• What you will do:
Lines from the one containing "Right Outside of" through the last line of the records below are to be repeated exactly.
Top of Provided entries
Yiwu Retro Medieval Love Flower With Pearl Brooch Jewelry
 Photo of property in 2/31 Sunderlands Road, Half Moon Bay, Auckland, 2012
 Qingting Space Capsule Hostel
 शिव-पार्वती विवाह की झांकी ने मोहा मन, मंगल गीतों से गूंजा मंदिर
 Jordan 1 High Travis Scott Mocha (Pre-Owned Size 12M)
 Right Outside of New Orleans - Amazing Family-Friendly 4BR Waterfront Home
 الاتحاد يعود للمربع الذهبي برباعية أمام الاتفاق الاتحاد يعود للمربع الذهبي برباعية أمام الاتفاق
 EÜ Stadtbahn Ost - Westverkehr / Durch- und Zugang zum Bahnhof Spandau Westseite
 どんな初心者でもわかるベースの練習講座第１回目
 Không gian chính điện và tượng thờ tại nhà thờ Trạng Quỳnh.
Bottom of Provided entries
• Finished task:
 Right Outside of New Orleans - Amazing Family-Friendly 4BR Waterfront Home
 الاتحاد يعود للمربع الذهبي برباعية أمام الاتفاق الاتحاد يعود للمربع الذهبي برباعية أمام الاتفاق
 EÜ Stadtbahn Ost - Westverkehr / Durch- und Zugang zum Bahnhof Spandau Westseite
 どんな初心者でもわかるベースの練習講座第１回目
 Không gian chính điện và tượng thờ tại nhà thờ Trạng Quỳnh.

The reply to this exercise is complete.